Trump’s view is in direct opposition to what some Republican lawmakers have already voiced. GOP Rep. Michael Waltz, for example, told Fox News last week that “if we really want to talk about the debt and spending, it’s the entitlements program.” White House Chief of Staff Ron Klain criticized those comments on Twitter, saying “it could not be clearer” that the GOP is trying to cut Medicare and Social Security.
—Ronald Klain (@WHCOS) January 9, 2023
Republicans and Democrats have sparred over Medicare and Social Security for years, with Republicans routinely looking to cut benefits for both programs. The GOP has been vague in publicly disclosing what kind of spending they want to cut, but the Republican Study Committee’s 2023 budget proposal made it clear that the party is eyeing slashes to entitlement programs. For example, Republicans proposed converting Medicaid and Affordable Care Act subsidies to block grants, which would cut spending by $3.6 trillion over 10 years.
It’s not a new partisan fight, and advocates for seniors often point to the fact that Congress has never failed to lift the debt limit and pay Social Security benefits on time. But this year’s historically fraught House Speaker election — in which Rep. Kevin McCarthy made concessions to the far-right wing of the House in order to secure his seat — signals that this year’s deliberations may be uncommonly tight.

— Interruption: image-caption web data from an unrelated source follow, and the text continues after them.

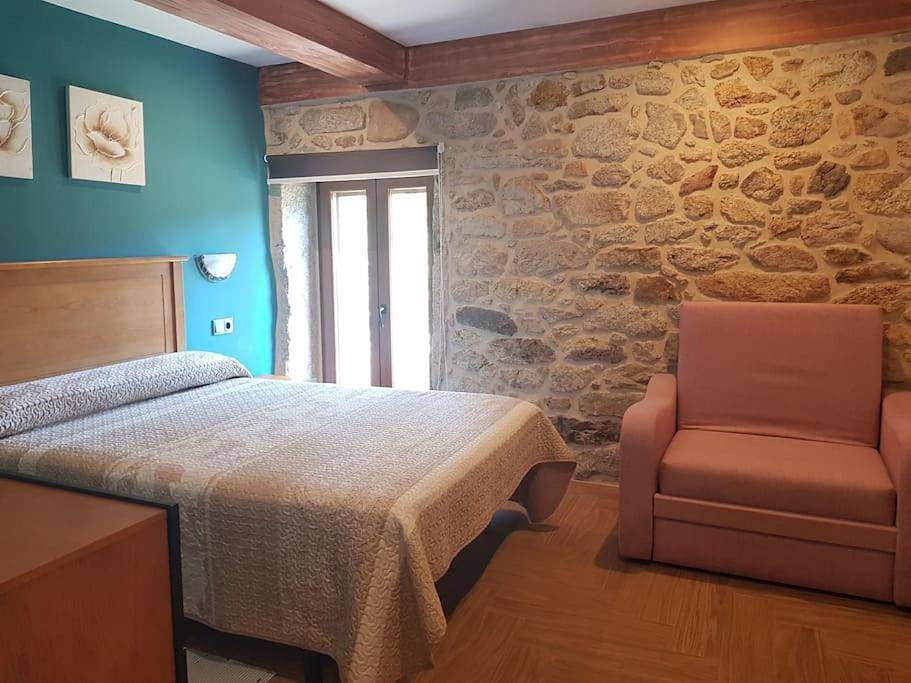 Vibesmuxía - Casa Rural Escola in Muxía, Costa de Galicia
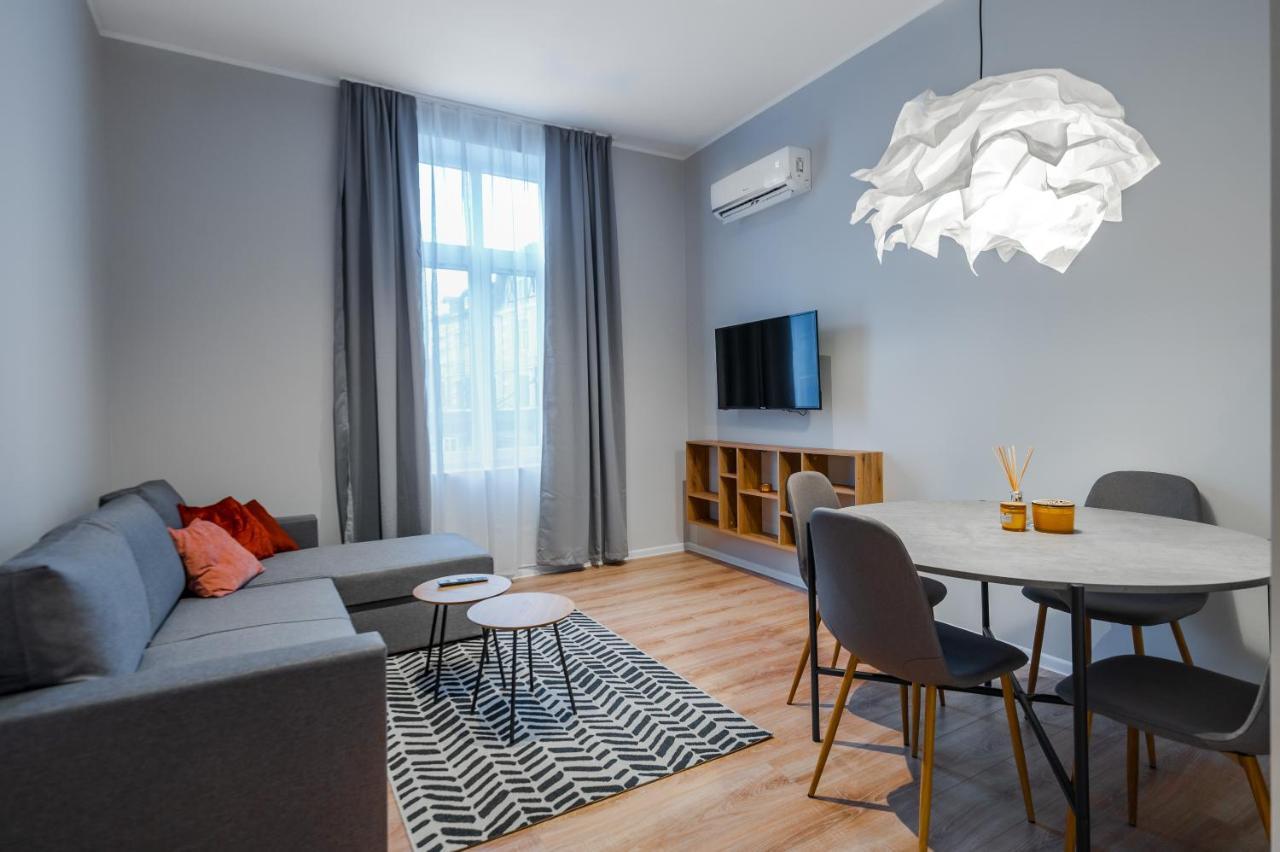 New Black & White - 2Bdr Apartment With Balcony Σόφια Εξωτερικό φωτογραφία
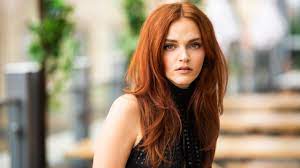 She's currently 28 years old. What Madeline Brewer Learned From J Lo While Filming Hustlers Coveteur Inside Closets Fashion Beauty Health And Travel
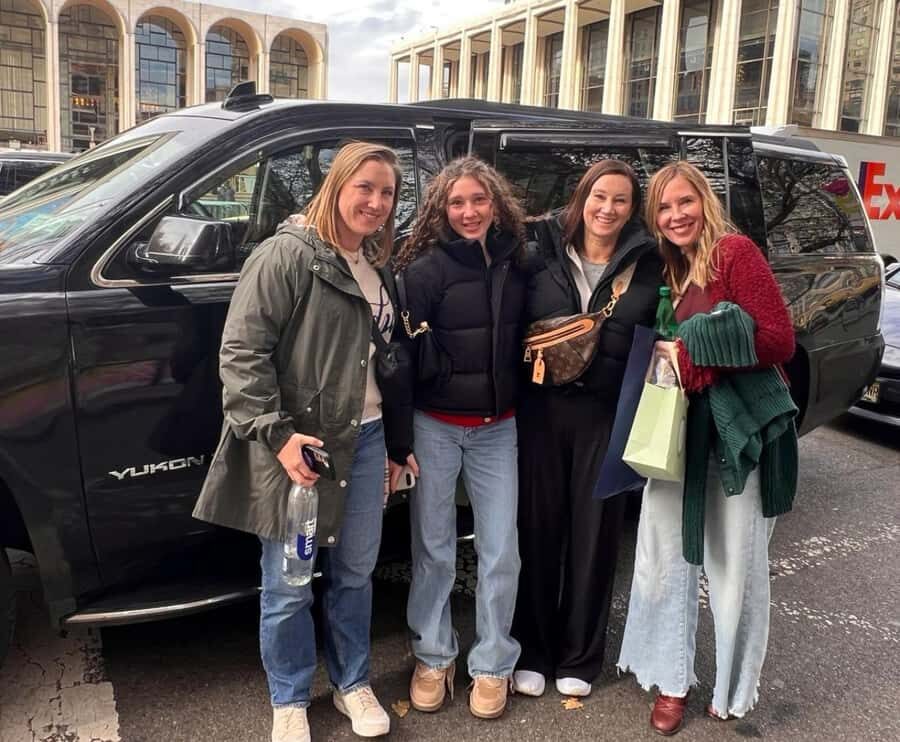 Best of NYC: Top-Rated Gossip Girl Tv Locations Bus Tour - The Value of the Experience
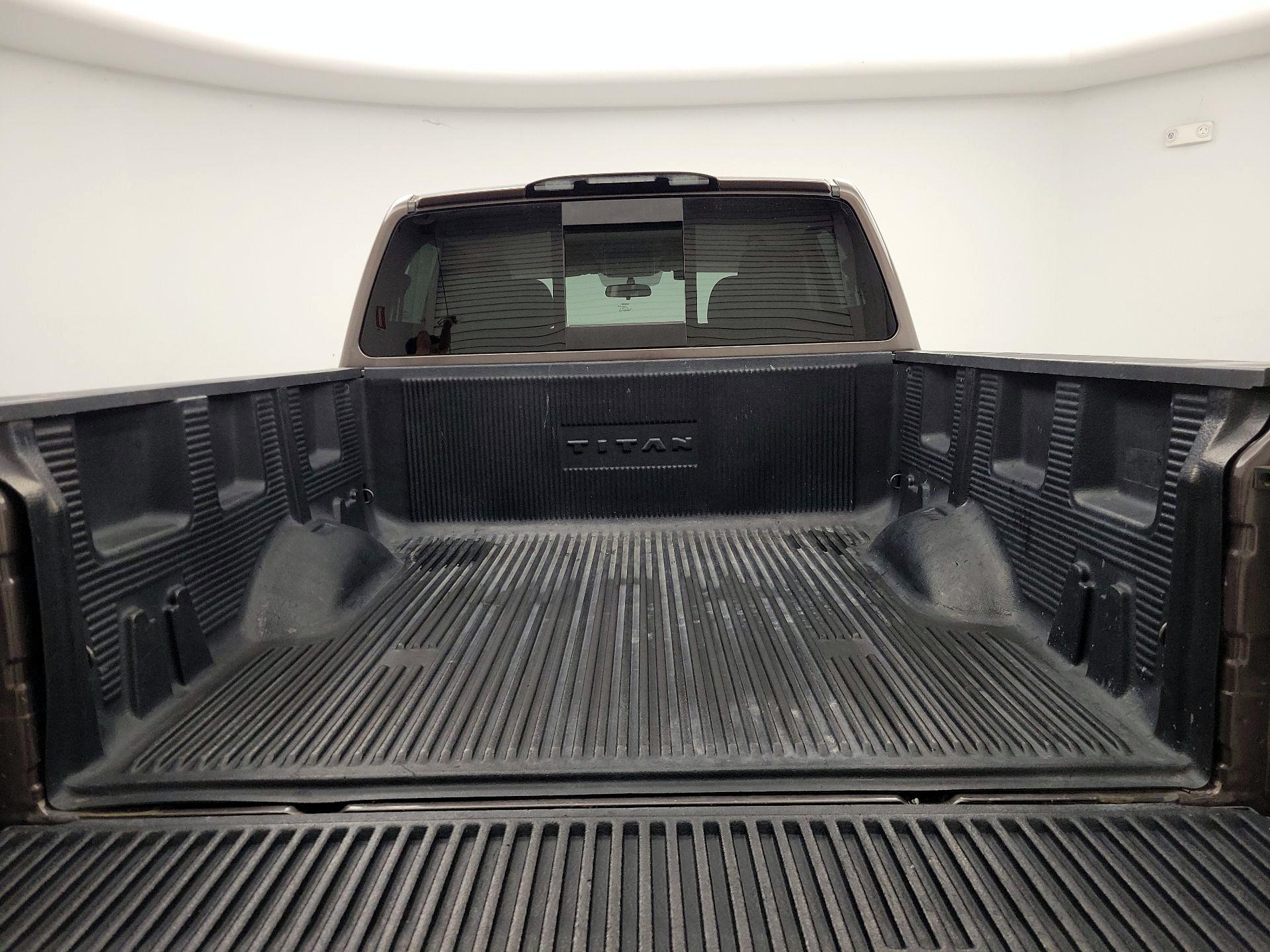 Thumbnail: 2017 Nissan Titan - 19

Republicans are upping the ante on entitlement spending pressure, but Trump’s warning comes as these programs remain almost universally popular. In a 2020 AARP poll of 1,441 adults across the political spectrum, 96% of respondents said that Social Security was either the most important government program or an important one compared with other government programs.
Regardless of how the negotiations play out, Treasury Secretary Janet Yellen warned Republicans that it’s vital they reach a deal. The US officially hit the debt limit on Thursday, at which point “extraordinary measures” to keep the government on top of its bills went into place, but those measures are expected to run out at some point this summer.

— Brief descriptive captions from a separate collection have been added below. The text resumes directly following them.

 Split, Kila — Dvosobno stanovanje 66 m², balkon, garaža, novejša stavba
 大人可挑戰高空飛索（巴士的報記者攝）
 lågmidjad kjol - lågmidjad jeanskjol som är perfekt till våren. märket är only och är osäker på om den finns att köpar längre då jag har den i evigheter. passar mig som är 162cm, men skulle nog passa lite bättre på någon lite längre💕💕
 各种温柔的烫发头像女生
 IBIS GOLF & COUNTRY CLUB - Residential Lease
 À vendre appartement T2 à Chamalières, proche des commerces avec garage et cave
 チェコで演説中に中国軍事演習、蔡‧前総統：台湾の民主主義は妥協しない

If that happens and Congress does not raise the debt ceiling before then, it could be catastrophic. As Insider previously reported, sending the US into default would be unprecedented and could lead to a global financial crisis and a sudden deep recession.
Democrats, and Biden, continue to maintain that raising the debt limit has historically been bipartisan, and there’s no reason it should not continue to be.
“Failure to raise the debt limit will not reduce our debt, but it would wreck the economy if it led to a default,” Rep. Don Beyer, a Democrat from Virginia, said in a statement to Insider. “Unfortunately many Republicans seem determined to find out how catastrophic a default would be through experience.”